Neither Michael Dunn nor George Zimmerman used the Florida "Stand Your Ground" law, in that they did not request a special pre-trial hearing by the judge to determine if they actually stood their ground according to the law. Dunn and Zimmerman used the stand your ground principle that changed the dynamics of self-defense law in Florida. It is this shift in principle that makes it okay for Dunn to raise a self-defense claim when he could have simply pulled out of the parking lot, and for Zimmerman to raise a self-defense claim when he could have simply stayed in his vehicle as told by officers.
The second fundamental issue is even more disturbing. It is not based on an actual shift in law as enacted by the Florida state legislature, but rather is based on an interpretation of "reasonable apprehension" that brings to bear all of the fears of young black men that are inculcated into society through media, "news" and political fearmongering.
The question before the jury was whether it was reasonable for Dunn to fear for his life when he thought he saw something that could have been a gun (although no gun was recovered and no object similar to a gun could be found) coming through the back window of a car filled with four young black men listening to loud "thug" music or "rap crap?" For some members of the jury, the answer to this question was "yes," and for others the answer was "no."
When jury members start to do television interviews, I would not be surprised if we find that it was the non-white jurors who answered "no" and the white jurors that answered "yes." But why am I making this racial? Isn't this just playing into the same ol' racial infighting that we should be past in a post-racial America? My answer is no. Why? Because if four white teens bumping rock music had pulled up to Dunn, I believe that regardless of a phantom gun, those four kids would still be alive today.

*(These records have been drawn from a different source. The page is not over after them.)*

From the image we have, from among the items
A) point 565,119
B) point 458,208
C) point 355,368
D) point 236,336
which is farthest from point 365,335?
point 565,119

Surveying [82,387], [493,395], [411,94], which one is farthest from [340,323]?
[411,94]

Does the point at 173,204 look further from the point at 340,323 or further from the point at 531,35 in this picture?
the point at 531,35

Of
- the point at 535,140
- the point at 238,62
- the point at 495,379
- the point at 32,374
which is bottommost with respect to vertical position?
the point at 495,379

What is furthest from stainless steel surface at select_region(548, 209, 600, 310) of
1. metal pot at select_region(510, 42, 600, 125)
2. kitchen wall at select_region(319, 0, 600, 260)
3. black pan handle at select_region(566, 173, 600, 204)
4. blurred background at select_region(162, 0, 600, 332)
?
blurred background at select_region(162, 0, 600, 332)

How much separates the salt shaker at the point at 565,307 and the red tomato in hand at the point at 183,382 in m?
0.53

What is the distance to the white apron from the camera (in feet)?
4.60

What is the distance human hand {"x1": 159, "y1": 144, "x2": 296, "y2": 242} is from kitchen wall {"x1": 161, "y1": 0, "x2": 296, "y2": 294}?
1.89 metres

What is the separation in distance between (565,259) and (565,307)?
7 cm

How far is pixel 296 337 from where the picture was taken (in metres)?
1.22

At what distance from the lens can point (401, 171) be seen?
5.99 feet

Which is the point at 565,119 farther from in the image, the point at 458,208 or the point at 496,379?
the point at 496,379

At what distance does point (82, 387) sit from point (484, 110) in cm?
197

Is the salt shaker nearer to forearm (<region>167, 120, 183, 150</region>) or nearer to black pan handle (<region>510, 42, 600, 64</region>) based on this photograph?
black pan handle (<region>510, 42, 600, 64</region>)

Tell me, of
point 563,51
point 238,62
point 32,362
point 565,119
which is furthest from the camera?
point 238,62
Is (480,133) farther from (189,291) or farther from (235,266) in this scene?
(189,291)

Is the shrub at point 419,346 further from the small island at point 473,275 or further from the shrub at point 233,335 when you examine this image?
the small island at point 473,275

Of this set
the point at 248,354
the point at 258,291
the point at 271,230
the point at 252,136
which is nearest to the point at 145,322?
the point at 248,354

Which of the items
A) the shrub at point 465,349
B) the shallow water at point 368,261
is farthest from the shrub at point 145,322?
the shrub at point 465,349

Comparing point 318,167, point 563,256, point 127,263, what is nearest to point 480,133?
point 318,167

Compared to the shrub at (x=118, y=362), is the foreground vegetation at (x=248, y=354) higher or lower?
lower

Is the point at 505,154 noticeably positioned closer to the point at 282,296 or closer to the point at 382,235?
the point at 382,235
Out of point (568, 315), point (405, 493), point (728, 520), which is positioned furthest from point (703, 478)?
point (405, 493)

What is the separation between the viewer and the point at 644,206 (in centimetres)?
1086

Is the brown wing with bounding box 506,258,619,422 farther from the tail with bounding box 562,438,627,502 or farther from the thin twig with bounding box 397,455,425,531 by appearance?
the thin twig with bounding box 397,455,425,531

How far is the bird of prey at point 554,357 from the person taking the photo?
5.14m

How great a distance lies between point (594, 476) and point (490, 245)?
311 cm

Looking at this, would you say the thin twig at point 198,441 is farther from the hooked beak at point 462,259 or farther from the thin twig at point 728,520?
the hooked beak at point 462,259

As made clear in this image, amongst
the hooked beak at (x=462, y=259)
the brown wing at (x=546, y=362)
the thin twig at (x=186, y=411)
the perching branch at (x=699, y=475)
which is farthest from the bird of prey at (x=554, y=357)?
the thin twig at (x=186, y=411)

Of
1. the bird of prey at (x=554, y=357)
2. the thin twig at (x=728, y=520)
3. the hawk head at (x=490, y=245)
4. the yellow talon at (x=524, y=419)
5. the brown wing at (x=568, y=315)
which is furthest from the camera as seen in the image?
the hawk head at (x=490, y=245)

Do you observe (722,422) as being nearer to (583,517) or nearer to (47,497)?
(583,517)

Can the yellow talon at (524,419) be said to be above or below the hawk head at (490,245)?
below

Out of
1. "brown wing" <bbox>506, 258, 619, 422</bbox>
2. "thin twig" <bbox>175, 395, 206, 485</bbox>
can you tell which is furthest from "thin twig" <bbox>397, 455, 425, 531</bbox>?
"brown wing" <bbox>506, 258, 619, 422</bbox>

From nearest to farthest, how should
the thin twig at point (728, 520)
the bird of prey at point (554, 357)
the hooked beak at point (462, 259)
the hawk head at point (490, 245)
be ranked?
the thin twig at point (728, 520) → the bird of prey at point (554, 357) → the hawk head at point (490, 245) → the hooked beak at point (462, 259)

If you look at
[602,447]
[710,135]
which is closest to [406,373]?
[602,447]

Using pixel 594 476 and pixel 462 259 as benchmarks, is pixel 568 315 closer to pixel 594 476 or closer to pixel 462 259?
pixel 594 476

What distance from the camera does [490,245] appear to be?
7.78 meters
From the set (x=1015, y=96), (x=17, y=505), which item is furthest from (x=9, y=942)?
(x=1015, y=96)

And, if one of them had been killed, a jury would have found Dunn's apprehension unreasonable.
This is a tough pill to swallow, but as a society, we have demonized young black men so much, for so long, that it is ingrained into our national psychology. It is easier for a jury to simply throw up their hands in irreconcilable disagreement than to find a middle-aged white man's fear of a young black man, in the absence of an actual weapon, unreasonable. I am frustrated by the fact that a jury has failed to hold accountable someone with the ability to do one simple thing: walk (or in this case, drive) away.
Dunn spoke to the teens first. He pulled out his gun, fired about eight shots into a car full of young teens, went to his hotel and ordered pizza instead of calling police, and for now, Dunn remains unaccountable for the murder of Jordan Davis.

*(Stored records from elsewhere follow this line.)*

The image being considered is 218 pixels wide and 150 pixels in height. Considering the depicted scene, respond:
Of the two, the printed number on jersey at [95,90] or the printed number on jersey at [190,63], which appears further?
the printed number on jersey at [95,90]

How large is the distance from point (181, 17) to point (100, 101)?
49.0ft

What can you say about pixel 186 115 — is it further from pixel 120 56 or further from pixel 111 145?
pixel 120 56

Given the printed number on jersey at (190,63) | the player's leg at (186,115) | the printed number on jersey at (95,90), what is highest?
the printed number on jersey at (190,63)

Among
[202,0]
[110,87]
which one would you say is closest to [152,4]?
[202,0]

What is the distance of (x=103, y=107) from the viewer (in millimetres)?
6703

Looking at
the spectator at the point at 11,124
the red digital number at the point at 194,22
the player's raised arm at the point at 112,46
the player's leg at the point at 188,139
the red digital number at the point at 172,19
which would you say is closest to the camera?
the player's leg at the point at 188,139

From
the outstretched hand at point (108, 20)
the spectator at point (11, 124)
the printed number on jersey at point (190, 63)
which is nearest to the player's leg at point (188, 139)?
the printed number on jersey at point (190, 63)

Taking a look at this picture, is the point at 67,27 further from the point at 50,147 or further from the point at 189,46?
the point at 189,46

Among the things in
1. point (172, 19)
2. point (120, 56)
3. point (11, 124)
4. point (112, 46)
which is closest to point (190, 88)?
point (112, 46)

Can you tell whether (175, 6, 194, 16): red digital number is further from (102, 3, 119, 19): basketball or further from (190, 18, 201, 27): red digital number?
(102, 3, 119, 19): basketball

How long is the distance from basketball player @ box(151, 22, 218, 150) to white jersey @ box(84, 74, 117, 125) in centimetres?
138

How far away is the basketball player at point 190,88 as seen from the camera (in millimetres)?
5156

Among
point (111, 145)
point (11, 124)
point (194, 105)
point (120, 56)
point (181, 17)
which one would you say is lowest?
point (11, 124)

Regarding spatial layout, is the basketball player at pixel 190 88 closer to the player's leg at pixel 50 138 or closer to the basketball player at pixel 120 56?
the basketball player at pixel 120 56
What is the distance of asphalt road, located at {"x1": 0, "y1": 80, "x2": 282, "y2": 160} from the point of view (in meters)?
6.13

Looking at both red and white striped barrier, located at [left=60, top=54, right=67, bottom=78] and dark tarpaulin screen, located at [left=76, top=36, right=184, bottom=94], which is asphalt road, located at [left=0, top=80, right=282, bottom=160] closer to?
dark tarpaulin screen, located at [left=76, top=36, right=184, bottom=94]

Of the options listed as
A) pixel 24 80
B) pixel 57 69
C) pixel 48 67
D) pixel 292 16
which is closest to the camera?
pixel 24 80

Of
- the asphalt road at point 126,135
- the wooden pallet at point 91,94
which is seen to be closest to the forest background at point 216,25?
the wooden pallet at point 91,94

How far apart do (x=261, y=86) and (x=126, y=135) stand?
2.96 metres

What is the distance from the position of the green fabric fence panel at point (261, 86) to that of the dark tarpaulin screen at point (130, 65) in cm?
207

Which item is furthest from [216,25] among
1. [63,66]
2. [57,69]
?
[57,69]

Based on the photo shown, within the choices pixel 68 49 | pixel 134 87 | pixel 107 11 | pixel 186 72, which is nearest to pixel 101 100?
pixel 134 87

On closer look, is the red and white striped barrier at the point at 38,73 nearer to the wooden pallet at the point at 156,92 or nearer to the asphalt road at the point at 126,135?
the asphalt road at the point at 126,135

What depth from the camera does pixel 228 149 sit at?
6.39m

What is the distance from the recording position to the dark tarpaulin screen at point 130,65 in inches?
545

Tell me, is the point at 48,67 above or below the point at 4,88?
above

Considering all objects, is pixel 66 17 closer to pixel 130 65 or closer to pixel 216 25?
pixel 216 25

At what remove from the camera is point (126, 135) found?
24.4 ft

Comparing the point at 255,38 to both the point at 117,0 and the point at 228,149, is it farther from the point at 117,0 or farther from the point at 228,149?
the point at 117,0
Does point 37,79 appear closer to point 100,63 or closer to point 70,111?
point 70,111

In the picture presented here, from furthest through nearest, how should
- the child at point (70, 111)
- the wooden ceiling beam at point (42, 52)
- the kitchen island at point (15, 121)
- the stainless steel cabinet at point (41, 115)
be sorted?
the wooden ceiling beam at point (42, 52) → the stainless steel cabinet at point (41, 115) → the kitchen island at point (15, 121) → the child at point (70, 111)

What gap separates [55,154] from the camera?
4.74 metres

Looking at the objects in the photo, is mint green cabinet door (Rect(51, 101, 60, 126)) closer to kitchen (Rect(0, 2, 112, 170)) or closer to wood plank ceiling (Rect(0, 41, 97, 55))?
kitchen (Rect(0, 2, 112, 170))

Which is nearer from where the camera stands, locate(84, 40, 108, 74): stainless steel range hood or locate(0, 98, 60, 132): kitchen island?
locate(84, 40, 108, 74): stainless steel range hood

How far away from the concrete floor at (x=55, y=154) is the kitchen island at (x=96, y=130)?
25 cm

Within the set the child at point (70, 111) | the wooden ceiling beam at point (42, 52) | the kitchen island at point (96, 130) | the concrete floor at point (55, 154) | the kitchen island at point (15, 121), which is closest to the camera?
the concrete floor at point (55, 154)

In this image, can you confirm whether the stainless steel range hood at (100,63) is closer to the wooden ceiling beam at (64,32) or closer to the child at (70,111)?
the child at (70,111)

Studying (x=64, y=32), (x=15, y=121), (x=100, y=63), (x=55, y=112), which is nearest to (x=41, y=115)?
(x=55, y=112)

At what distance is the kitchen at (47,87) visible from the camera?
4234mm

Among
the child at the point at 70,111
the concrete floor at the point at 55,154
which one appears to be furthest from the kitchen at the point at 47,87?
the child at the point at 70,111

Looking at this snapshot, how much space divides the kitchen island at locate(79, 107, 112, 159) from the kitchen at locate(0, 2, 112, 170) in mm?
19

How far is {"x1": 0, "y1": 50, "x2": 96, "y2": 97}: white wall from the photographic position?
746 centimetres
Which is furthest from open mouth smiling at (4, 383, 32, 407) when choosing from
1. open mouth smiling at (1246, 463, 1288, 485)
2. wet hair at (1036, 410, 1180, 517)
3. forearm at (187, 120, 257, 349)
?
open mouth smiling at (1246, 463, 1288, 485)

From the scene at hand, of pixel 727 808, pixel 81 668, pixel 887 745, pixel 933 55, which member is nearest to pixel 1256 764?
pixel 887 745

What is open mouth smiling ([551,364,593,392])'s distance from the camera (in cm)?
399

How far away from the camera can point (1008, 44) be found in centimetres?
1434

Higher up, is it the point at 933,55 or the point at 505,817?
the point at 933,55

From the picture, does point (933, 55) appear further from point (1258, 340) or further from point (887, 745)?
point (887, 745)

So what now? How do we move forward? As I see it, there two options: one that is difficult but possible, and one that seems out-of-reach. First, we must push states like Florida to reinstate a common law definition of the castle doctrine, meaning that the only time you have a right not to flee, if possible, is when you are in your own home. Second, we must deprogram our society's fear of young black men. On the second issue, I welcome any and all suggestions, as I fear it may be an insurmountable task.